Gervaise abrió de par en par las grandes puertas del frente de Evesham Abbey, e irrumpió en el vestíbulo de entrada, gritando:
– Rápido, Crupper, busque a su señoría. La señora está atrapada por un derrumbe de piedras, en las ruinas de la vieja abadía. Rápido, hombre, dese prisa, antes de que sea demasiado tarde -jadeaba de tal manera que casi no podía recuperar el aliento.
¿Qué había dicho el francés?
– ¿La señora? ¿Que está atrapada, dice? -repitió con lentitud, clavando la vista en el extranjero, que tanto deseaba ver marcharse.
– Maldición, hombre, apresúrese. En cualquier momento, las piedras pueden caer sobre ella. ¡Hasta podría estar muerta! ¡Rápido, rápido, vaya a buscar al conde!
En ese momento el conde apareció en lo alto de la escalera.
– ¿Qué es eso de que Arabella está atrapada? ¿Dice que está en las ruinas de la vieja abadía? preguntó mientras bajaba la escalera corriendo.
– Estábamos explorando las cámaras subterráneas de las ruinas, y una de las cámaras se hundió y ella quedó atrapada. Es mi culpa. Oh, por favor, milord, tenemos que darnos prisa.
– ¿Está viva, aún? -la voz del conde era fría y dura como el granito.
– Sí, sí, yo le grité y me oyó. Está ilesa, pero me temo que caigan más piedras. Eso es muy inestable.

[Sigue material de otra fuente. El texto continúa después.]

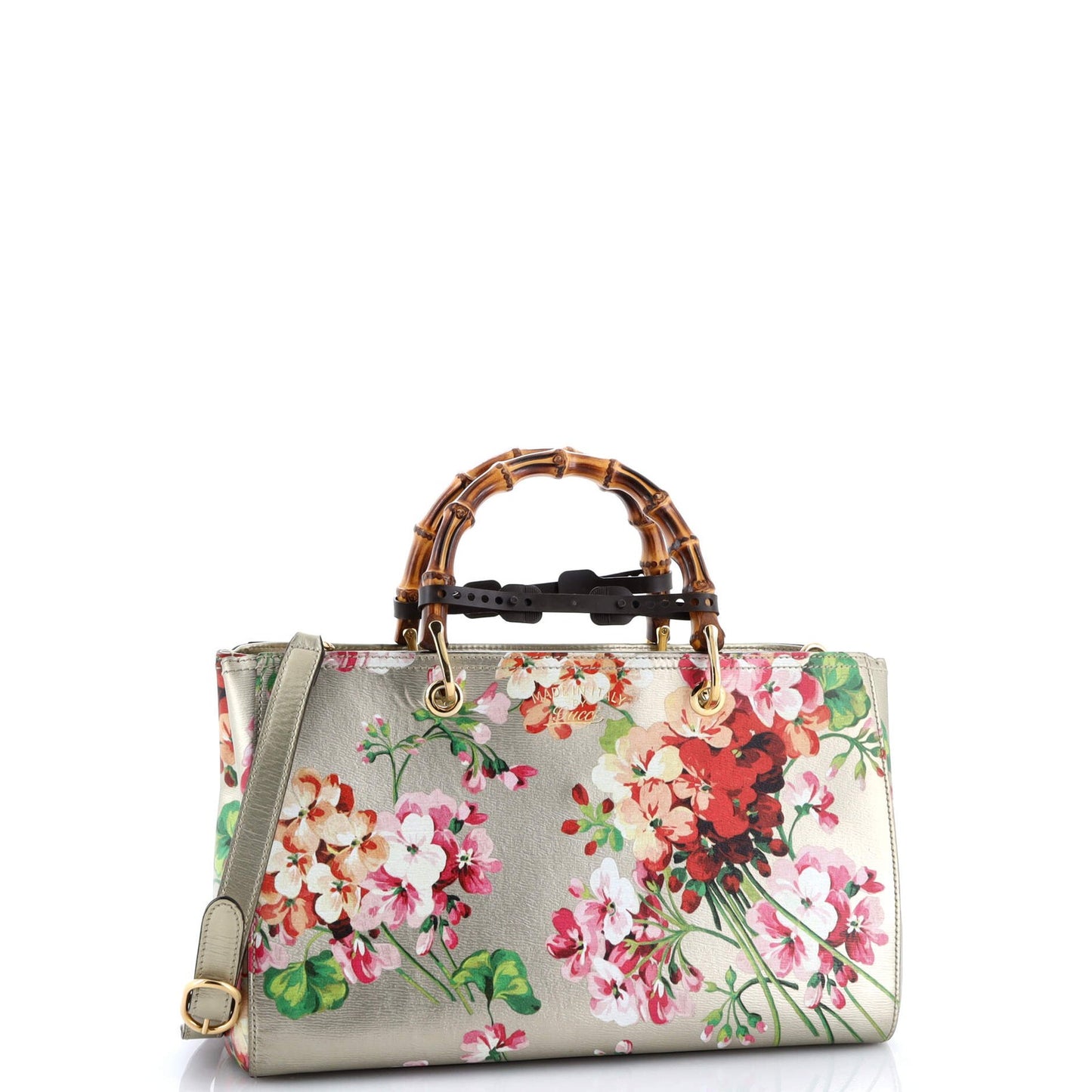 Gucci Bamboo Shopper Tote Blooms Print Leather Medium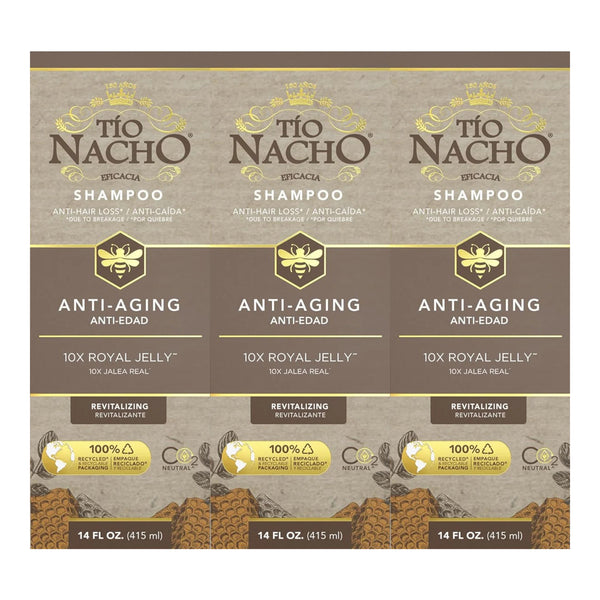 Tio Nacho Shampoo Anti-Aging Anti-Edad 10x Royal Jelly 14oz (415ml) (Pack of 3)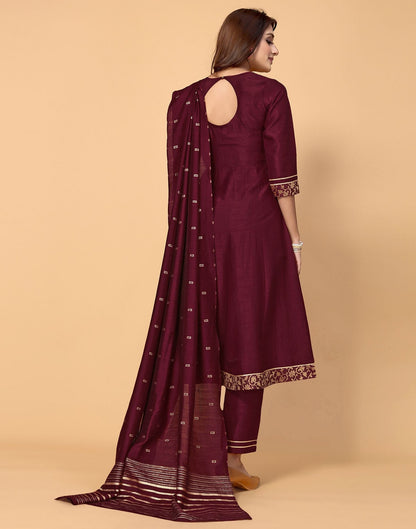 Maroon Silk Embroidery Kurti With Pant And Dupatta | Leemboodi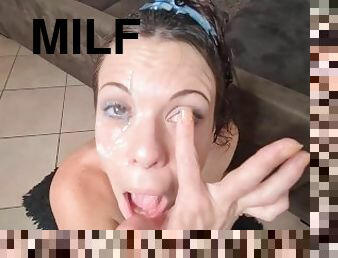 Petite MILF slut giving me a HANDJOB till I cum on her open EYE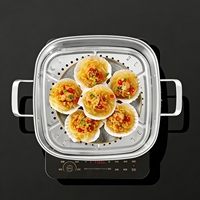 Cuisinière vapeur multifonctionnelle carrée pour la maison, en acier inoxydable 316, épaissie, compatible avec les cuisinières à gaz et à induction, tiroir vapeur universel avec couvercle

El conde echó la cabeza atrás, y bramó:
– ¡Giles!
Cuando llegó corriendo al vestíbulo de entrada el segundo mayordomo, el conde le dijo:
– Giles, vaya rápido a buscar a James y a todos los mozos del establo. Dígales que lleven palas y picos. La señora está atrapada entre las ruinas de la vieja abadía. Vaya, hombre, nos veremos allá.
El conde se volvió hacia Crupper.
– Informe a lady Ann y a Elsbeth. Estaré en las ruinas.
Se dio la vuelta para seguir a Giles, pero se detuvo bruscamente y, al mirar atrás, vio que Gervaise subía la escalera a toda prisa.
– Monsieur.
El tono era suave, pero cortaba el aire.